Dans la presse en 2020

Dépakine : l’Etat condamné à indemniser trois familles

La Croix 

Les faits 

La justice a reconnu, le 2 juillet, la responsabilité de l’État dans le scandale de la Dépakine et l’a condamné à indemniser trois familles dont les enfants sont lourdement handicapés après avoir été exposés in utero à cet anti-épileptique.

Quelle est la responsabilité de l’État dans le scandale des « enfants Dépakine », du nom donné à ces personnes souffrant de malformations congénitales ou de troubles du comportement induits par la prise de ce médicament anti-épileptique qu’a pris leur mère durant sa grossesse ? Le 2 juillet, à l’issue des plaintes déposées par trois familles représentant cinq enfants, la justice a conclu pour la première fois à sa culpabilité à hauteur de 20 % à 40 %, selon les dates de naissance des enfants et le niveau de connaissance des risques – le reste étant à la charge des médecins prescripteurs et du laboratoire Sanofi.

L’État « a manqué à ses obligations de contrôle en ne prenant pas les mesures adaptées et a engagé sa responsabilité », a estimé le tribunal. Chaque famille percevra des indemnités d’environ 200 000 €, 157 000 € et 20 000 €, en fonction de la date de naissance des enfants, âgés aujourd’hui de 11 à 35 ans.

Une décision incomplète

« Je suis satisfaite que la justice ait reconnu les manques de l’État. Cette décision était attendue par les familles », observe Marine Martin, présidente de l’Association des parents d’enfants souffrant du syndrome de l’anti-convulsivant (Apesac), qui représente 7 500 victimes (1). « En revanche, poursuit-elle, je ne comprends pas la décision du juge dans le cas du dossier de Nicolas, né en 1985 qui sera dédommagé de 20 000 à 30 000 € pour ses malformations, mais s’est vu opposer un refus d’indemnisation pour ses troubles autistiques. »

Suivant les réquisitions du rapporteur public, le juge a considéré que le lien de cause à effet entre les troubles autistiques et la prise de la Dépakine n’ont été connus qu’en 2004. Avant, « seuls les risques de malformations étaient suffisamment documentés pour alerter la vigilance des autorités sanitaires », a estimé la justice. Une date, selon Marine Martin, en contradiction avec la loi du 28 décembre 2019 régissant le fonctionnement de l’Oniam (Office national d’indemnisation des accidents médicaux) et qui stipule que dès 1984, des cas d’autisme avaient été signalés au service de pharmacovigilance de l’ANSM. « 80 % des enfants nés avant 2004 sont exclus des indemnités », dénonce-t-elle, rappelant que « l’autisme les rend invalides à vie et coûte cher pour leur venir en aide ». Pour cette raison, les requérants vont « faire appel dans les trois dossiers », a annoncé l’avocat des familles, Charles Joseph-Oudin.

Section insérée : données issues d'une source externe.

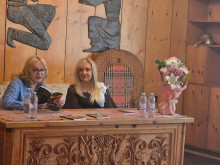 Екатерина Гаджева представи стихосбирката си "Феникс" в Момчиловци, днес ...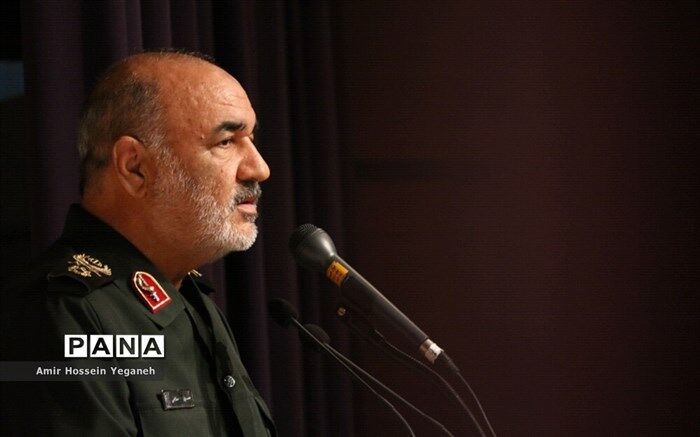 سرلشکر سلامی: دشمنان دیگر هوس راه انداختن جنگ نظامی با ما را نمی‌کنند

Que s’est-il passé entre la mise sur le marché du médicament et la restriction de prescription ?

Mise sur le marché en France en 1967, la Dépakine – ou valproate de sodium – a fait l’objet d’études épidémiologiques dès 1984. Les médecins ont alors montré l’existence d’un risque (de l’ordre de 10 %) de malformations congénitales (anomalie de la future moelle épinière, fente palatine, microcéphalie). Idem en 2004 pour un risque (pouvant aller jusqu’à 40 %) de retard du développement. De son côté Sanofi a signalé en 2004 les risques de la Dépakine chez la femme enceinte, mais la modification de la notice d’information accompagnant le médicament n’a été faite qu’en 2006.

Aujourd’hui, on estime à environ 30 000 le nombre d’enfants nés avec des anomalies congénitales ou des troubles du comportement. Quant à la Dépakine, elle est interdite (sauf exception) aux jeunes filles, adolescentes et femmes en âge de procréer ou enceintes.

(1) Auteure de Dépakine, le scandale : je ne pouvais pas me taire, Robert Laffont, 2017.